Here's a sample of the series:
df['pesticide_residues_found_in_mg/kg_(mrl)'].head(20)
# 0 Spirotetramat (partial sum) 0.03 (MRL = 2)
# 1 n/a
# 2 n/a
# 3 n/a
# 4 n/a
# 5 n/a
# 6 n/a
# 7 fluopyram 0.01 (MRL = 0.9)
# 8 fenpyrazamine 0.02 (MRL = 3)
# 9 fluopyram 0.05 (MRL = 0.9)
# 10 acetamiprid 0.03 (MRL = 0.2)
# 11 cyprodinil 0.04 (MRL = 1.5)
# 12 fludioxonil 0.02 (MRL = 0.4)
# 13 fenpyrazamine 0.07 (MRL = 3)
# 14 thiacloprid 0.02 (MRL = 0.7)
# 15 acetamiprid 0.04 (MRL = 0.2)
# 16 chlorothalonil 0.03 (MRL = 6)
# 17 cyprodinil 0.1 (MRL = 1.5)
# 18 fludioxonil 0.03 (MRL = 0.4)
# 19 pyrimethanil 0.09 (MRL = 1)
# Name: pesticide_residues_found_in_mg/kg_(mrl), dtype: object
The information I would like to extract out from this series is: 1) the pesticide name, which is the first word. 2) the amount detected, which is decimal or float, expressed to one or two decimal places. 3) the MRL, however I would like to only capture the number, not the parenthesis or "MRL = "

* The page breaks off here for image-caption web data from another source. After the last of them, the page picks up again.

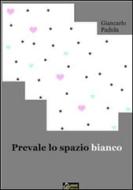 Ebook Prevale lo spazio bianco (PDF) di Giancarlo Padula edito da Urbone Publishing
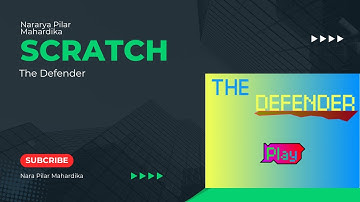 HOW TO PLAY GAME SCRATCH : THE DEFENDER BY : NARARYA PILAR MAHARDIKA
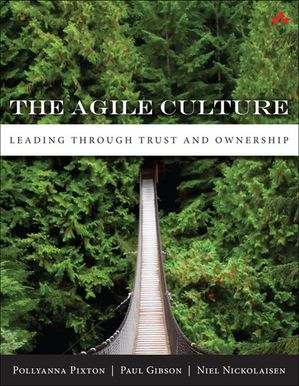 Agile Culture, The Leading through Trust and Ownership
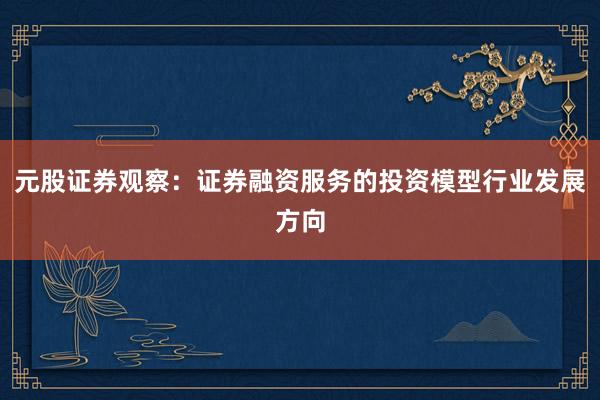 元股证券观察：证券融资服务的投资模型行业发展方向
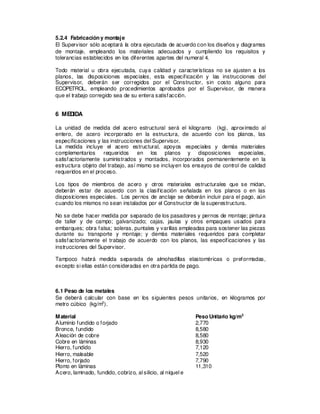 5.2.4 Fabricación y montaje
El Supervisor sólo aceptará la obra ejecutada de acuerdo con los diseños y diagramas
de montaje, empleando los materiales adecuados y cumpliendo los requisitos y
tolerancias establecidos en los diferentes apartes del numeral 4.
Todo material u obra ejecutada, cuya calidad y características no se ajusten a los
planos, las disposiciones especiales, esta especificación y las instrucciones del
Supervisor, deberán ser corregidos por el Constructor, sin costo alguno para
ECOPETROL, empleando procedimientos aprobados por el Supervisor, de manera
que el trabajo corregido sea de su entera satisfacción.
6 MEDIDA
La unidad de medida del acero estructural será el kilogramo (kg), aproximado al
entero, de acero incorporado en la estructura, de acuerdo con los planos, las
especificaciones y las instrucciones del Supervisor.
La medida incluye el acero estructural, apoyos especiales y demás materiales
complementarios requeridos en los planos y disposiciones especiales,
satisfactoriamente suministrados y montados, incorporados permanentemente en la
estructura objeto del trabajo, así mismo se incluyen los ensayos de control de calidad
requeridos en el proceso.
Los tipos de miembros de acero y otros materiales estructurales que se midan,
deberán estar de acuerdo con la clasificación señalada en los planos o en las
disposiciones especiales. Los pernos de anclaje se deberán incluir para el pago, aún
cuando los mismos no sean instalados por el Constructor de la superestructura.
No se debe hacer medida por separado de los pasadores y pernos de montaje; pintura
de taller y de campo; galvanizado; cajas, jaulas y otros empaques usados para
embarques; obra falsa; soleras, puntales y varillas empleadas para sostener las piezas
durante su transporte y montaje; y demás materiales requeridos para completar
satisfactoriamente el trabajo de acuerdo con los planos, las especificaciones y las
instrucciones del Supervisor.
Tampoco habrá medida separada de almohadillas elastoméricas o preformadas,
excepto si ellas están consideradas en otra partida de pago.
6.1 Peso de los metales
Se deberá calcular con base en los siguientes pesos unitarios, en kilogramos por
metro cúbico (kg/m3
).
Material Peso Unitario kg/m3
Aluminio fundido o forjado 2,770
Bronce, fundido 8,580
Aleación de cobre 8,580
Cobre en láminas 8,930
Hierro, fundido 7,120
Hierro, maleable 7,520
Hierro, forjado 7,790
Plomo en láminas 11,310
Acero, laminado, fundido, cobrizo, al silicio, al níquel e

Notes: *Pesticide names: sometimes is sometimes a two-part word which is hyphenated, e.g. "lambda-cyhalothrin". *Pesticide names: sometimes this name is followed by extra information in parenthesis, such as "(sum)" or "(partial sum)". *Amounts detected: while the number is usually expressed to one or two decimal places, it is conceivable that the amount detected will be a whole number, e.g '4' or '20'.
Code I have tried:
df['pesticide_residues_found_in_mg/kg_(mrl)'].str.extract(r'(?P<mrl>\(MRL = \d.?\d+?\))')
# This works but captures "MRL = " but if I remove this, it tends to capture the amount detected instead, so "MRL = " identifies the correct number although it's junk I do not want.
df['pesticide_residues_found_in_mg/kg_(mrl)'].str.extract(r'(?P<mrl>\d+\.?\d+?)'
#This doesn't work and results in capturing the amount detected part of the string instead, and only to one decimal place too!
An attempt at a regex capture group for the amount detected might be: (?P\d+.?\d{1,2}?)
I have also attempted to use markers such as \b
, ^
and $
in order to mark word boundaries and the string's beginning and end, but couldn't seem to make this work either.
An example of the new series in my df I would like to achieve:
index - chem_name - amount_detected - mrl
0 - chlorothalonil - 0.03 - 0.1
1 - fenpyrazamine - 0.1 - 3
2 | ddt (sum) | 2.45 | 0